Every year, the Savannah Police Department holds a memorial ceremony to honor local law enforcement who have died in the line of duty.
Families of the fallen officers attend the ceremony to remember the ones that they have lost.
“We try to come every year just to represent him and the family and let him know that we still think about him more and more each day," said Kim L. Singleton, the brother of a fallen law enforcement officer.
Kim L. Singleton and Beautine Grayson-Singleton lost their brother, Customs Patrolman George William Singleton, in 1975 when he was accidentally shot by a sheriff's deputy during a drug bust.
The names of Savannah's fallen officers, including Singleton, were called one by one as 54 roses were laid down for the 54 Savannah law enforcement officers lost since 1968.
For the Singleton family, the unspoken bond with the families of the other officers helps ease the pain.

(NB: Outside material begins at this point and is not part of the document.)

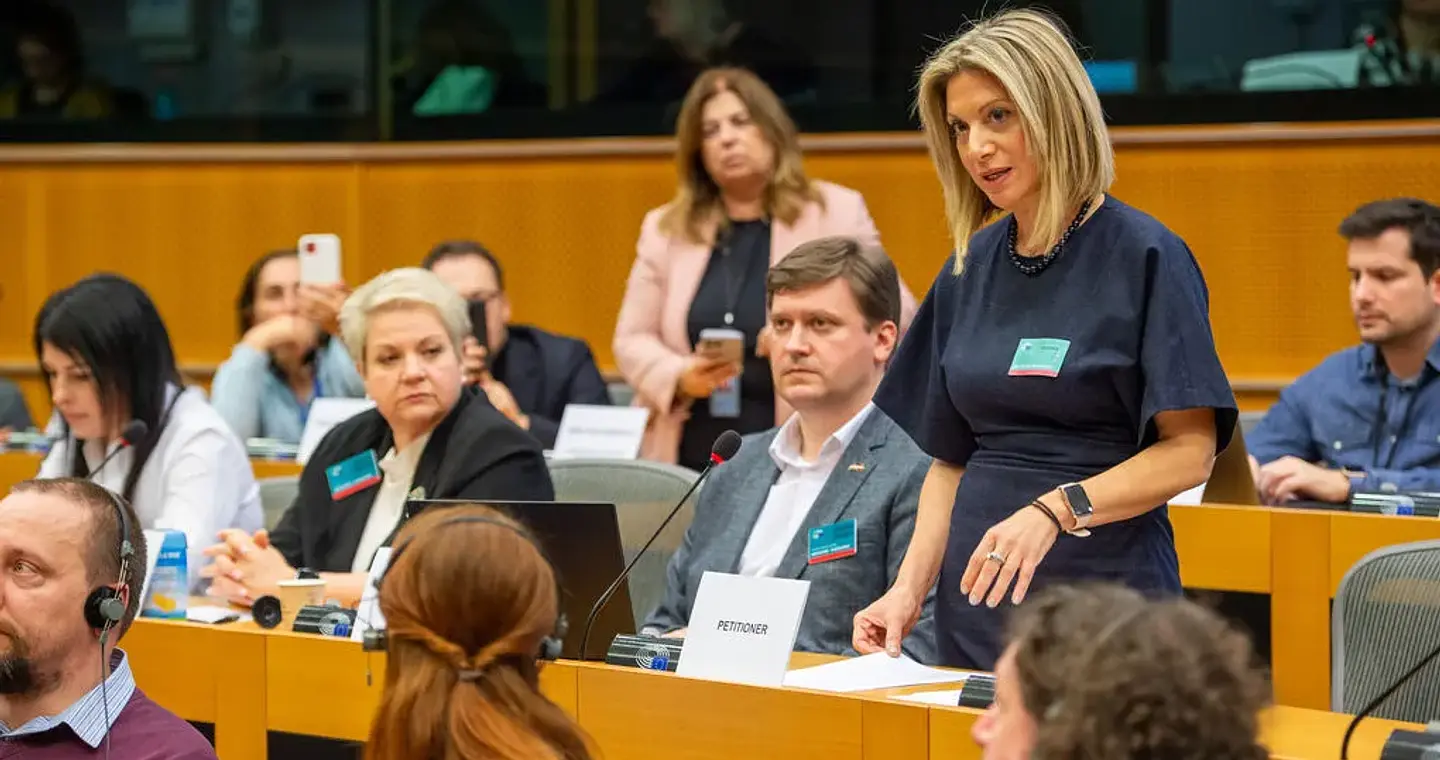 Οι Βρυξέλλες και η διεθνοποίηση του εγκλήματος των Τεμπών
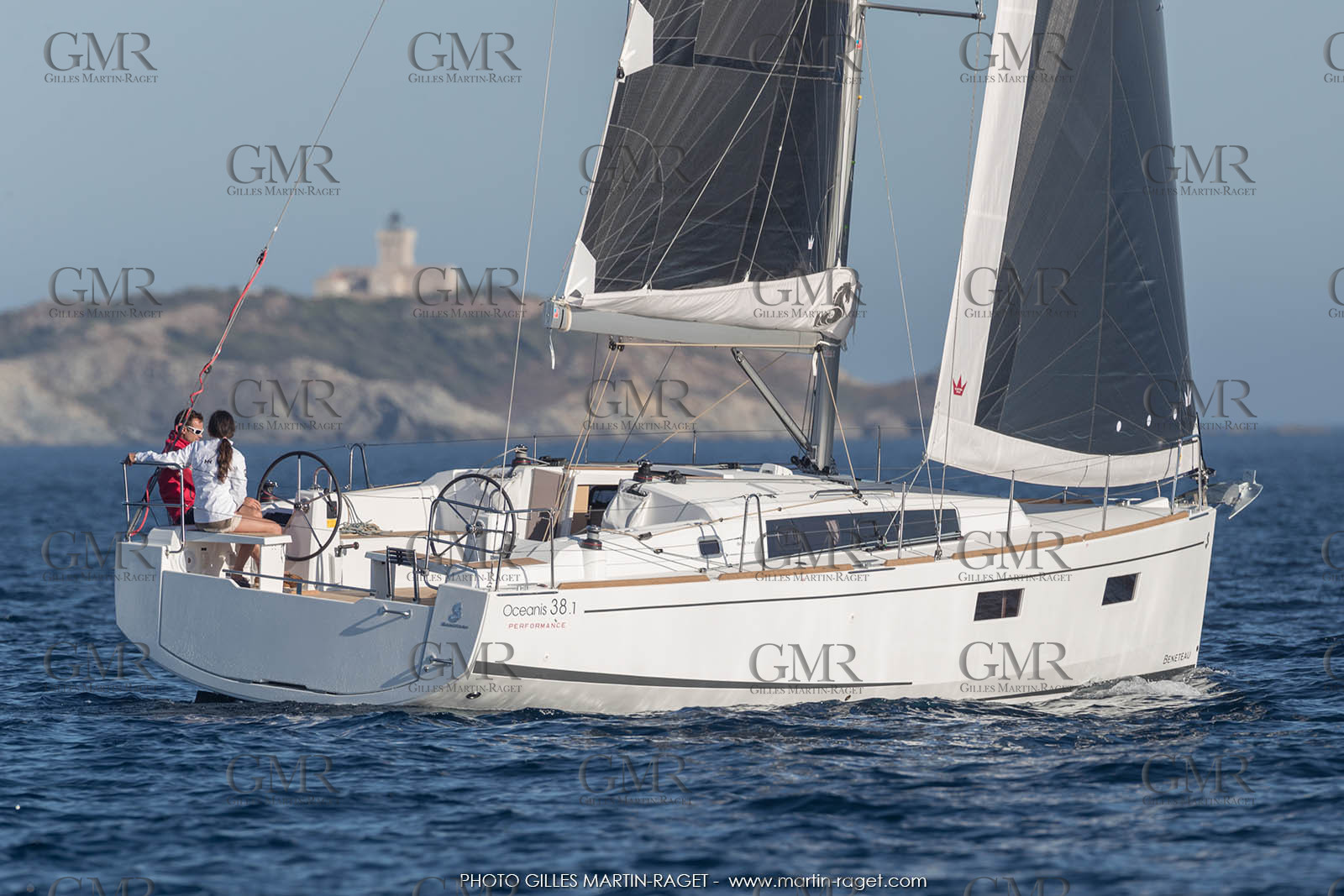 04 07 3017; Les EMbiez (FRA; 83) - Chantier Beneteau; Oceanis 38.1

“The other family members have been through what we’ve been through and understand, because it’s hard to talk to someone else that can only say, 'Yeah,I know what you’re feeling,' but they can’t feel the pain," said Singleton.
And even though today serves as a way for the community to honor the fallen officers, for the families there's not a day that goes by that they don't remember their loved ones.
“It’s not just today, we’ll think about him always," said Singleton.
The latest Savannah officer to die in the line of duty was Deputy U.S. Marshal Patrick Carothers who was shot and killed in 2016.